Revision as of 18:00, 18 April 2018

Working steps

Preparing raster data (Converting DN to reflectance)

• The Sentinel-2 products L1C and L2A are stored as digital numbers in data format unsigned integer 16bit. In this work step we scale the data to reflectance values with a new range from 0 to 1 and data type float 32bit.
• Load the single band raster file Subset_S2A_MSIL2A_20170619T_B2.tif and 9 other multipspectral bands (B3, B4, B5, B6, B7, B8, B11 and B12) of a Sentinel-2 scene.
• Open Raster --> Raster Calculator....
• Double click on a layer in the Raster bands list. The band should appear in the Raster calculator expression field.
• Complete the expression with the division operator // and 10000.
• Specify an Output layer path and name.
• Click OK
• Repeat these steps for all other multispectral bands.

• For this task you may also use a graphical processing toolbox model downloaded from here convert_L2A_reflectance.model (Right click, Save as ..).

• Open the Processing --> Toolbox and Models --> Tools --> Add model from file.

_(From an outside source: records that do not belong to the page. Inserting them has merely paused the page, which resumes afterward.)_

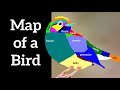Map Of A Bird External Bird Anatomy 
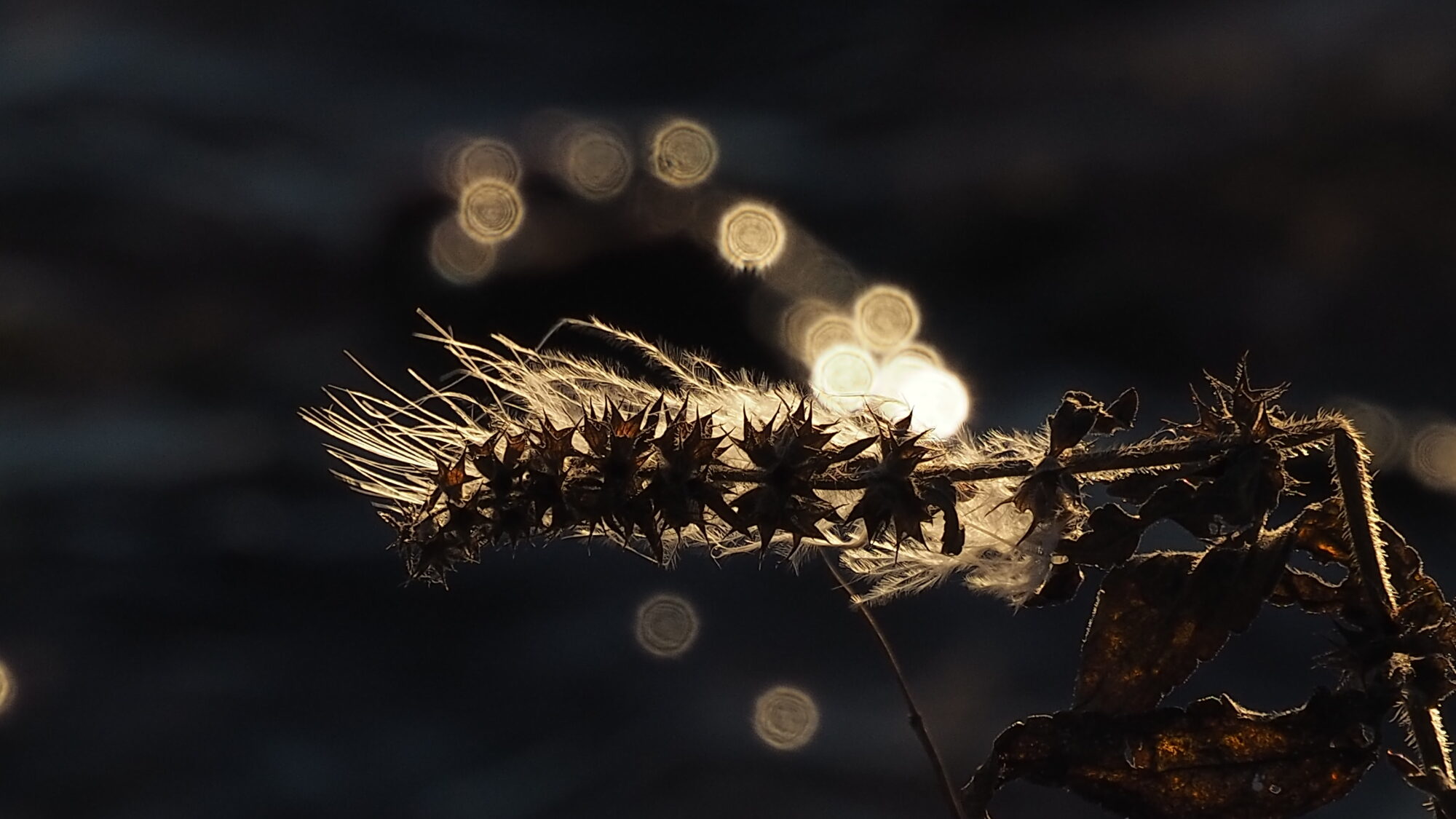 Valokuvaaja: Martti Valtonen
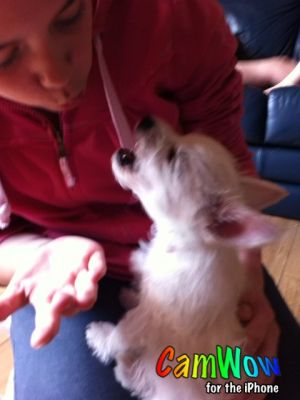 Dog profile photo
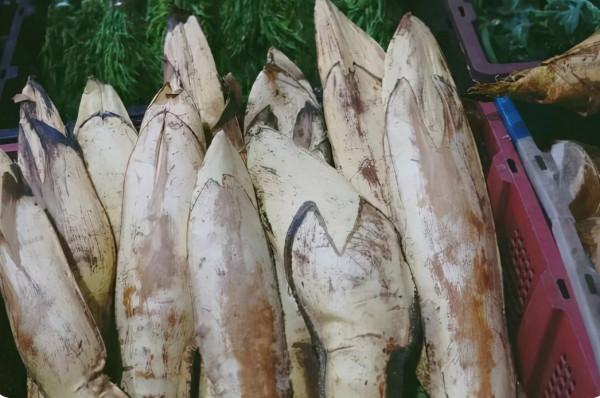 東北人逛雲南農村菜市場，一個菜都不認識，當地人：我們也認不全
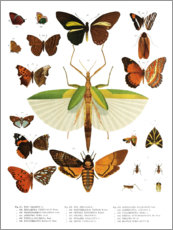 Poster Farbenpracht der Insekten IIX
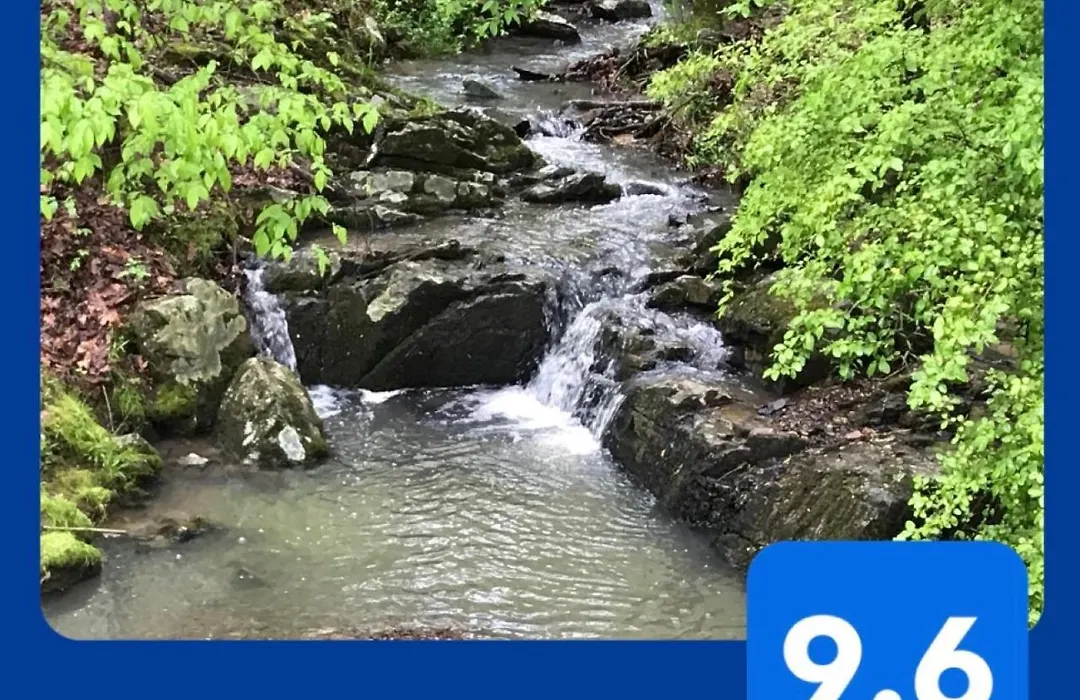 Secluded Home With Mini Waterfall And A Creek In Hot Springs-1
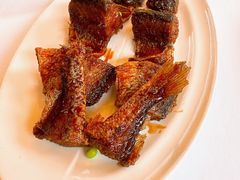 -新吉士·上海菜(浦东LCM置汇旭辉店)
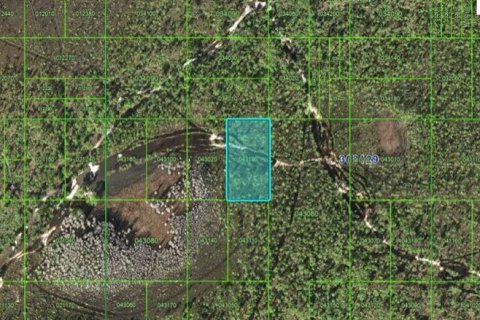 Terrain à Frostproof, Floride № 2164074
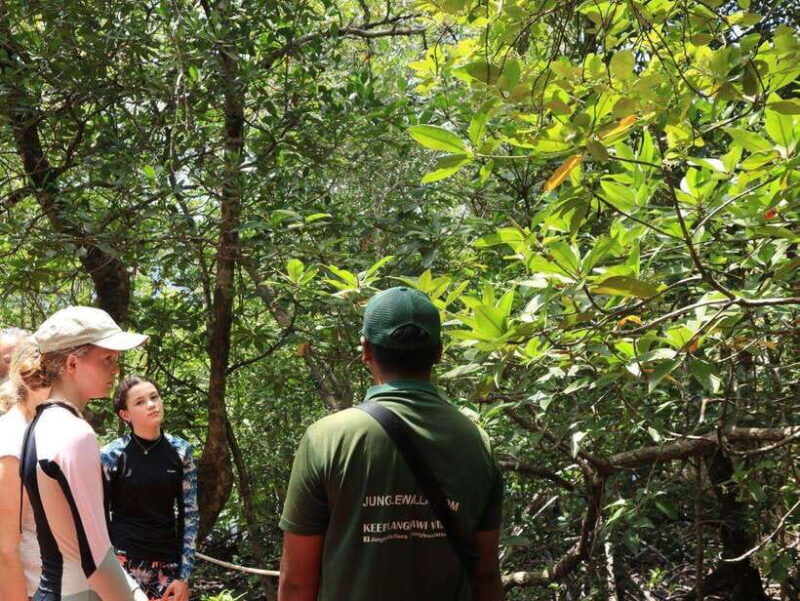Langkawi: Kayaking Adventure and Swimming - What Makes This Tour Stand Out?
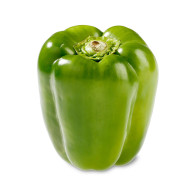 kirat organic green capsicum seed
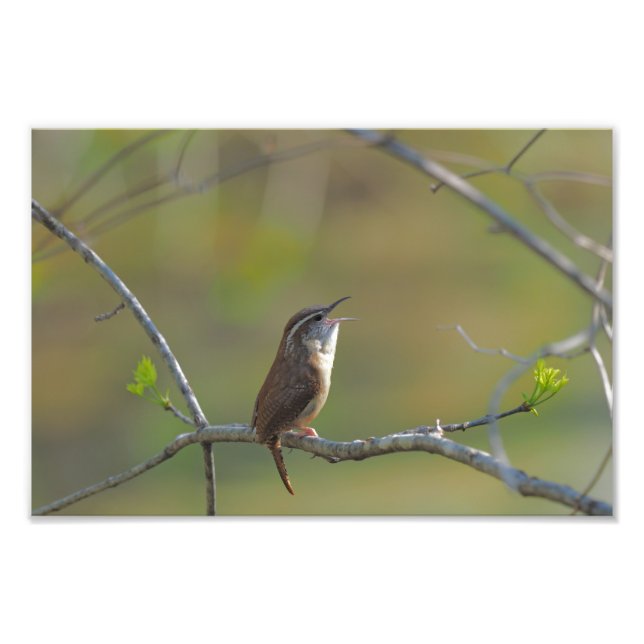 Carolina Wren Fotodruck (Vorne)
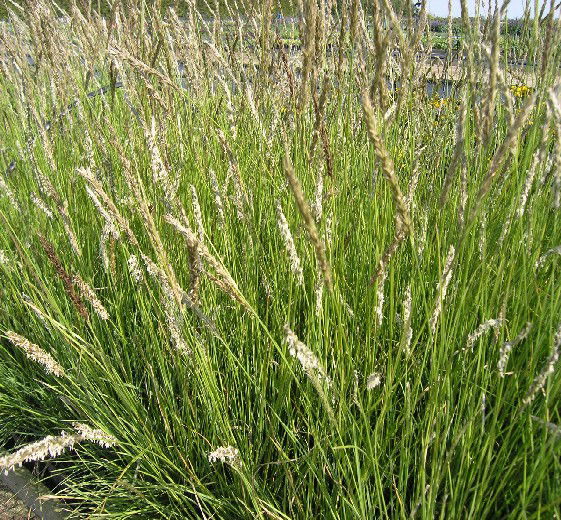 Sesleria autumnalis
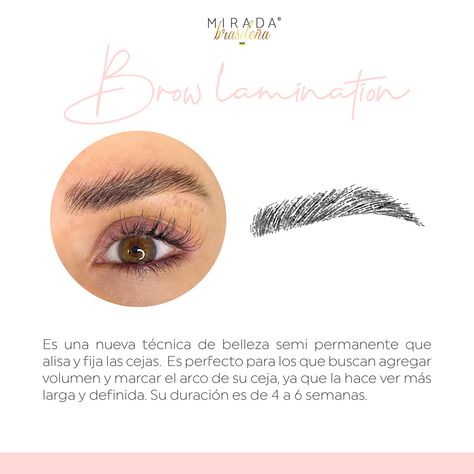 Lo más 🔝 en cejas Eyebrow Lamination Quotes, Eyebrow Care, Brow Studio, Esthetician Marketing, Eyelash Technician, Brow Artist, Brow Lash, Brow Lamination, Instagram Makeup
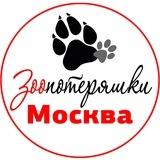 Зоо потеряшки Москва и МО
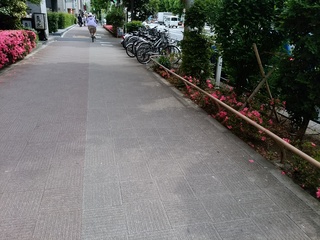 5 進む.jpg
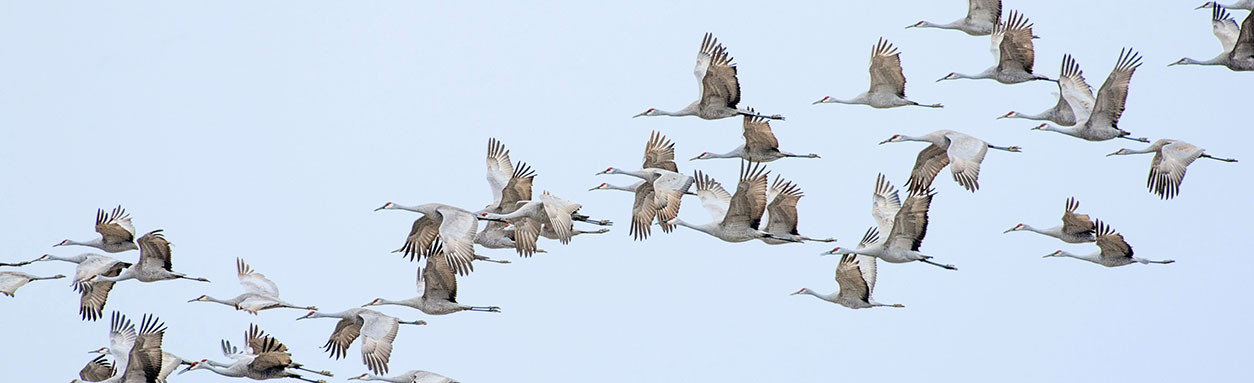 Study of migratory birds
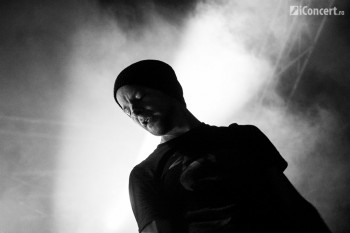 electric-castle-festival-23-iunie-2013-a-treia-zi-25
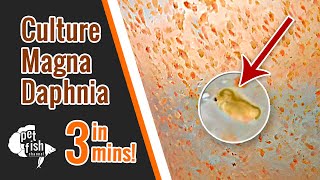 How to culture DAPHNIA MAGNA  The easy way [upl. by Saidel]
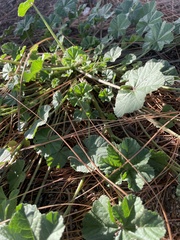 Malva parviflora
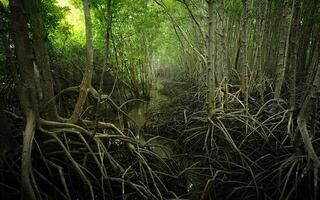 Mangrove root network in swamp forest. Nature's resilient system combating coastal erosion and climate change. Sustainable wetland habitat acting as efficient carbon sink in tidal environments. photo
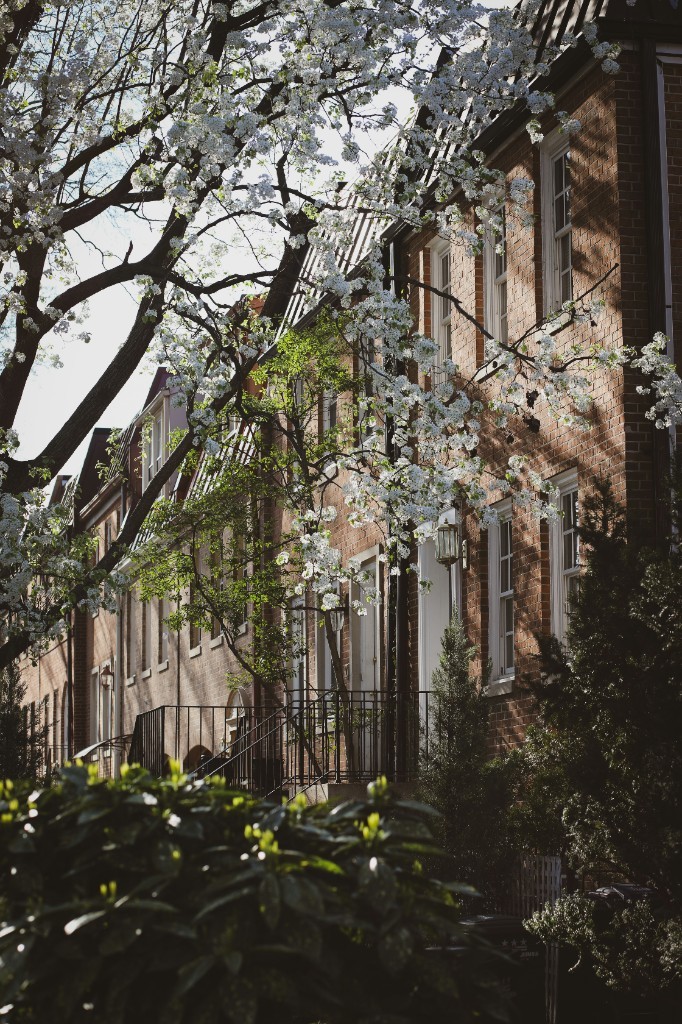Tree-lined rowhomes in bloom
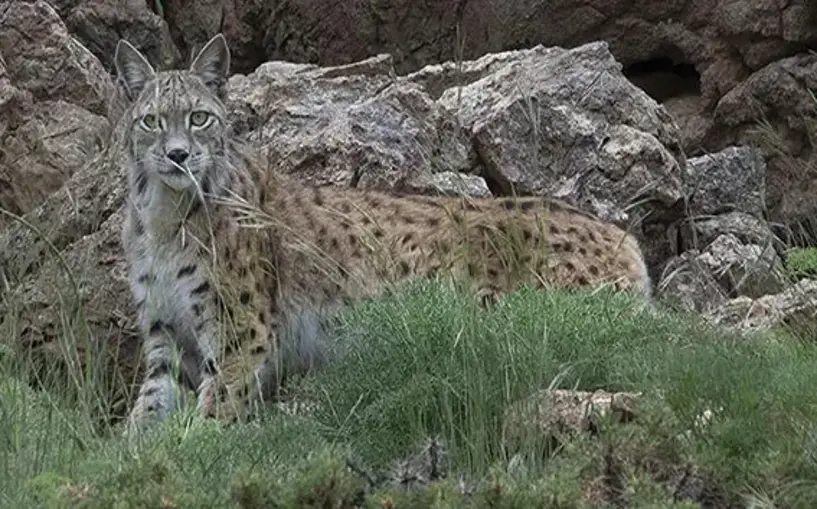 Koruma altındaki vaşak, fotokapanla görüntülendi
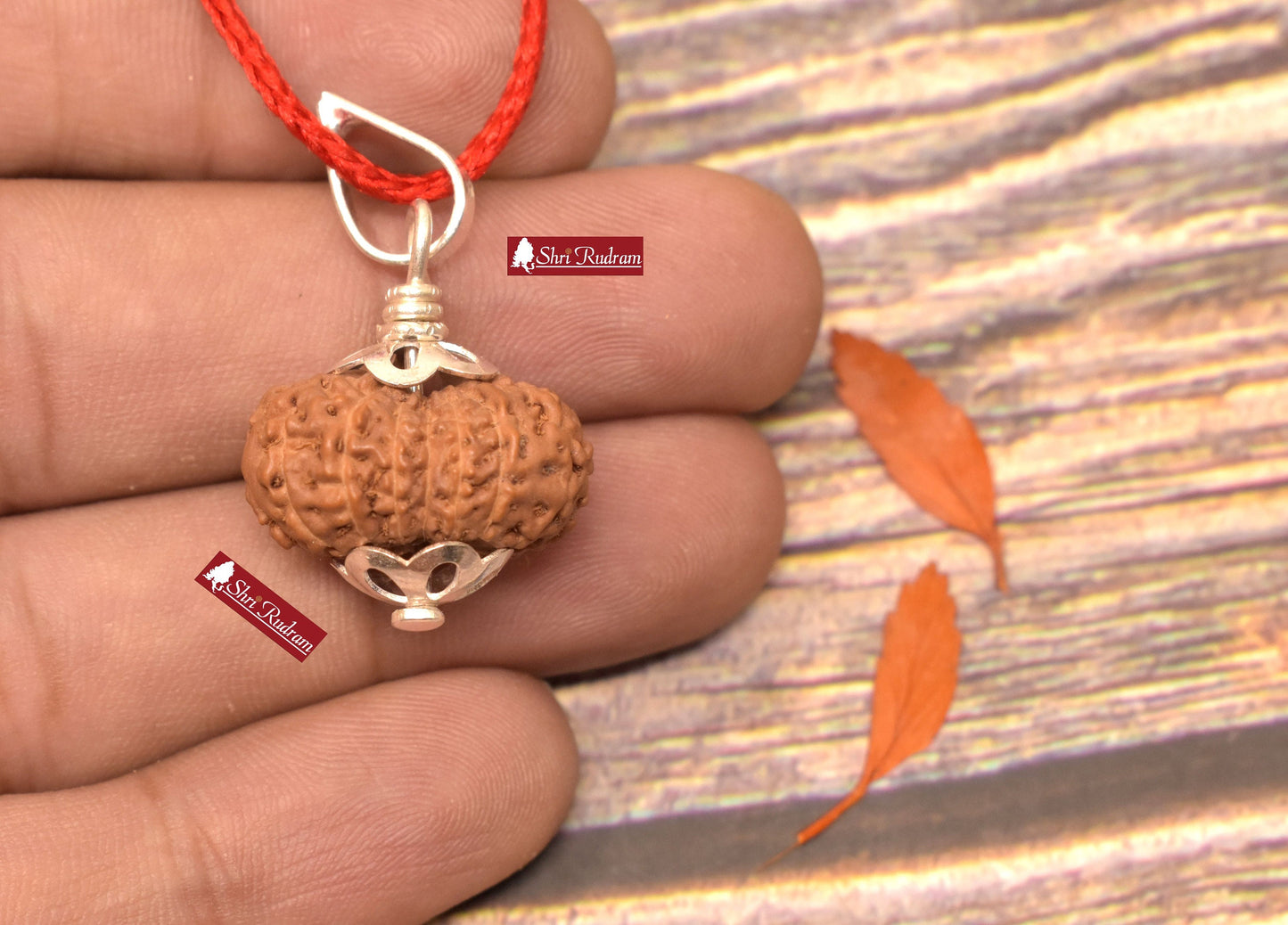 ShriRudram 15 Mukhi Rudraksha / Fifteen Face Rudraksh Java Bead Lab Certified 20.61 MM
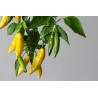 Greendoor Lemon Drop – Chili Seeds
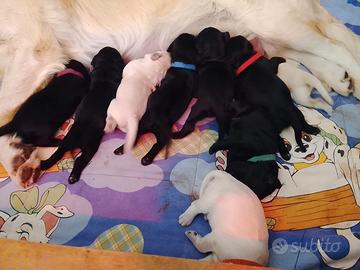Cuccioli di goldendoodle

Load the previously downloaded model.
• The model should appear in the Models tab.
• Double click to open the model.
• Assign the layers to the right band numbers.
• Click OK

• Follow Create stack to create a multiband raster file from the converted single bands and load into QGIS canvas.

Install and set up SCP plugin

1. Click Plugins --> Manage and Install Plugins.
2. Type in the search bar semi-Automatic Classification, click on the plugin name and then on Install plugin.

• Right-click on the Plugin Toolbar and make sure the following are checked SCP Dock, SCP Edit Toolbar, SCP Tools and SCP Working Toolbar.

Defining classification inputs in SCP-plugin

We need to define input image, training input and spectral signature files for SCP.

1. Open the SCP Dock.
2. Click SCP Dock --> SCP input --> Input image, use the button Refresh list and the drop-down menu-bar to select the multiband Merge file (i.e. from DN to Reflectance conversion) as input image.
3. Click the button Band set to further define the input image.
4. Next, click Quick wavelength settings and select Sentinel-2 from the list in order to automatically set the Center wavelength for each band and the Wavelength unit (NB. required for spectral signature assessment).
5. In the RGB list of the Working Toolbar, select 3-2-1 to display natural color composite. Also, type in 4-3-2 to display false color composite. While changing the color composite; also use the buttons cumulative_stretch and std_dev_stretch for better displaying the Input image (i.e. image stretching).
6. We need to define training input file in order to collect ROIs and spectral signatures.
7. Click SCP Dock --> SCP input --> Training input, use the button Create a new training input to create a training signature file with the extension .scp, click save.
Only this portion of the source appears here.